* [PROBLEM STATEMENT]
Print the first line of the material below and each line after it, exactly as written, ending with the line that contains "Gallery image thumbnail".

:::::

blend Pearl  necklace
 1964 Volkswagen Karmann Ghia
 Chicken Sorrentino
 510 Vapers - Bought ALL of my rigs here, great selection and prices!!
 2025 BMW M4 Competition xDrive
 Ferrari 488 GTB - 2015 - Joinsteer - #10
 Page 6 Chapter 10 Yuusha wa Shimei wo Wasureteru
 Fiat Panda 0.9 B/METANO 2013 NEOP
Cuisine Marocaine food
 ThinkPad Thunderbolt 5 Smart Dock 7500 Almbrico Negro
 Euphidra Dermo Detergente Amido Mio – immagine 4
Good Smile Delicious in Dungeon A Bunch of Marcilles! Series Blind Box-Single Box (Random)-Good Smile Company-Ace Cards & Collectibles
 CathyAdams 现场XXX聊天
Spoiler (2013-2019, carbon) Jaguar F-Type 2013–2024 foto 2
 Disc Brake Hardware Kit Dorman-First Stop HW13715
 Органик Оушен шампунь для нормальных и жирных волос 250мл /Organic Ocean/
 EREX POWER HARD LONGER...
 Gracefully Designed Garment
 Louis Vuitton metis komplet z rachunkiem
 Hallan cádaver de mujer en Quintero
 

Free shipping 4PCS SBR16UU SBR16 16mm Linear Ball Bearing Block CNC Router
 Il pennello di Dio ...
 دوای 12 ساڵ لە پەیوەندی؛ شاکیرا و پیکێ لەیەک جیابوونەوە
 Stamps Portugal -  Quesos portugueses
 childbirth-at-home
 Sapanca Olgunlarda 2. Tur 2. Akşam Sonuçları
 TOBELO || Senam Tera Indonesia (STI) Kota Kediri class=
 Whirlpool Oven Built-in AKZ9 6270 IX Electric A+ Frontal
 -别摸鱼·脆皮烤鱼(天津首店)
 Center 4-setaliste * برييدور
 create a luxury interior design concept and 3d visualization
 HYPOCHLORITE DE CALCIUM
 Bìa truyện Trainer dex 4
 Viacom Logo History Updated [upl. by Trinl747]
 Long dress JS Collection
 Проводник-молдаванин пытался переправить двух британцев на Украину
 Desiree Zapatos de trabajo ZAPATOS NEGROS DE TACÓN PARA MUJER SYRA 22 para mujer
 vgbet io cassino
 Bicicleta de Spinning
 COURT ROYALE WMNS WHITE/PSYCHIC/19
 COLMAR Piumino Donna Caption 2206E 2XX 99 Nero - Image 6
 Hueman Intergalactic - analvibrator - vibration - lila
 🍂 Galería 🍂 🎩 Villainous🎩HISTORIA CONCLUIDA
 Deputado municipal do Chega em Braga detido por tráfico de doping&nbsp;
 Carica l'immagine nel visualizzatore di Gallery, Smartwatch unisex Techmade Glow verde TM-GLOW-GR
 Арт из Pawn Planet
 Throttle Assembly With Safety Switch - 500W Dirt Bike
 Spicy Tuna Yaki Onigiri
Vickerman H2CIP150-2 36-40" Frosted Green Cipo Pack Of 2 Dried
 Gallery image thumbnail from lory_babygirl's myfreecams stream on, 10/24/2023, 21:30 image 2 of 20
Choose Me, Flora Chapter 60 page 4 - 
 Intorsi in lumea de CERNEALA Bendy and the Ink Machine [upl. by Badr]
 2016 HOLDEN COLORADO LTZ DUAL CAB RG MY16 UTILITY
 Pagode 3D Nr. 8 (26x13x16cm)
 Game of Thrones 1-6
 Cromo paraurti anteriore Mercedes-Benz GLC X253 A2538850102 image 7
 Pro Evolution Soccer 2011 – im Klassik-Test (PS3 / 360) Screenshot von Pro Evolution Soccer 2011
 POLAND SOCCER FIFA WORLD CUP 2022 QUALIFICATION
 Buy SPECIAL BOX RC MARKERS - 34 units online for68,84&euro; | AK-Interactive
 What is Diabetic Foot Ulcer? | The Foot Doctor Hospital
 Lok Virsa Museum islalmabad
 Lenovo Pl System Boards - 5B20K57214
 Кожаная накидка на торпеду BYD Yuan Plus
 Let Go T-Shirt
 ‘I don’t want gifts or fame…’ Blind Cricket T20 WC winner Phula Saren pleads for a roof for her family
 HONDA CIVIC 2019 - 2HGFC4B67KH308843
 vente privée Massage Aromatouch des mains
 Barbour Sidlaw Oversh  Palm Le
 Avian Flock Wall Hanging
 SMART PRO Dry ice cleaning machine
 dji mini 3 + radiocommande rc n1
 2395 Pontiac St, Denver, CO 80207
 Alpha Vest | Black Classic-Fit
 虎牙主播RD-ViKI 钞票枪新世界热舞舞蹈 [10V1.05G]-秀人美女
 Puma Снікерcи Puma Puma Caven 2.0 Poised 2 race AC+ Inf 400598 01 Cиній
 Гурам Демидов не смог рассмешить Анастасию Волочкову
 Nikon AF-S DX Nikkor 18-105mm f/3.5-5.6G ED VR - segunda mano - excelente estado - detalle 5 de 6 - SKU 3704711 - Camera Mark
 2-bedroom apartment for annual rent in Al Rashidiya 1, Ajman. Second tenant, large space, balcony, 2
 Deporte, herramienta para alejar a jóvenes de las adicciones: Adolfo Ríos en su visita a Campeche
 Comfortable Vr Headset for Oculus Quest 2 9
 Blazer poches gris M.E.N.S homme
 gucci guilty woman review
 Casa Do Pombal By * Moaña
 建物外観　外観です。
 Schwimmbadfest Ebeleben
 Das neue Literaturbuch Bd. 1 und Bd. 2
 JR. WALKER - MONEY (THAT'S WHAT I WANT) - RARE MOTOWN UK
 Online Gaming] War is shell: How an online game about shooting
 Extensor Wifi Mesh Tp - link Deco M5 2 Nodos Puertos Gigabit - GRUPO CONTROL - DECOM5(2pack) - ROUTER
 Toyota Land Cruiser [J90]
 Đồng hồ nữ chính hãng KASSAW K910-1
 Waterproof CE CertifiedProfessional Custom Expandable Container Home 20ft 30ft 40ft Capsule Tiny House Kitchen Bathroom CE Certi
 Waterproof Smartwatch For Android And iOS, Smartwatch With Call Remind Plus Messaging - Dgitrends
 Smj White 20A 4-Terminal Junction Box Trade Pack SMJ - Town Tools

:::::

* [RESPONSE TO THE EXERCISE]
blend Pearl  necklace
 1964 Volkswagen Karmann Ghia
 Chicken Sorrentino
 510 Vapers - Bought ALL of my rigs here, great selection and prices!!
 2025 BMW M4 Competition xDrive
 Ferrari 488 GTB - 2015 - Joinsteer - #10
 Page 6 Chapter 10 Yuusha wa Shimei wo Wasureteru
 Fiat Panda 0.9 B/METANO 2013 NEOP
Cuisine Marocaine food
 ThinkPad Thunderbolt 5 Smart Dock 7500 Almbrico Negro
 Euphidra Dermo Detergente Amido Mio – immagine 4
Good Smile Delicious in Dungeon A Bunch of Marcilles! Series Blind Box-Single Box (Random)-Good Smile Company-Ace Cards & Collectibles
 CathyAdams 现场XXX聊天
Spoiler (2013-2019, carbon) Jaguar F-Type 2013–2024 foto 2
 Disc Brake Hardware Kit Dorman-First Stop HW13715
 Органик Оушен шампунь для нормальных и жирных волос 250мл /Organic Ocean/
 EREX POWER HARD LONGER...
 Gracefully Designed Garment
 Louis Vuitton metis komplet z rachunkiem
 Hallan cádaver de mujer en Quintero
 

Free shipping 4PCS SBR16UU SBR16 16mm Linear Ball Bearing Block CNC Router
 Il pennello di Dio ...
 دوای 12 ساڵ لە پەیوەندی؛ شاکیرا و پیکێ لەیەک جیابوونەوە
 Stamps Portugal -  Quesos portugueses
 childbirth-at-home
 Sapanca Olgunlarda 2. Tur 2. Akşam Sonuçları
 TOBELO || Senam Tera Indonesia (STI) Kota Kediri class=
 Whirlpool Oven Built-in AKZ9 6270 IX Electric A+ Frontal
 -别摸鱼·脆皮烤鱼(天津首店)
 Center 4-setaliste * برييدور
 create a luxury interior design concept and 3d visualization
 HYPOCHLORITE DE CALCIUM
 Bìa truyện Trainer dex 4
 Viacom Logo History Updated [upl. by Trinl747]
 Long dress JS Collection
 Проводник-молдаванин пытался переправить двух британцев на Украину
 Desiree Zapatos de trabajo ZAPATOS NEGROS DE TACÓN PARA MUJER SYRA 22 para mujer
 vgbet io cassino
 Bicicleta de Spinning
 COURT ROYALE WMNS WHITE/PSYCHIC/19
 COLMAR Piumino Donna Caption 2206E 2XX 99 Nero - Image 6
 Hueman Intergalactic - analvibrator - vibration - lila
 🍂 Galería 🍂 🎩 Villainous🎩HISTORIA CONCLUIDA
 Deputado municipal do Chega em Braga detido por tráfico de doping&nbsp;
 Carica l'immagine nel visualizzatore di Gallery, Smartwatch unisex Techmade Glow verde TM-GLOW-GR
 Арт из Pawn Planet
 Throttle Assembly With Safety Switch - 500W Dirt Bike
 Spicy Tuna Yaki Onigiri
Vickerman H2CIP150-2 36-40" Frosted Green Cipo Pack Of 2 Dried
 Gallery image thumbnail from lory_babygirl's myfreecams stream on, 10/24/2023, 21:30 image 2 of 20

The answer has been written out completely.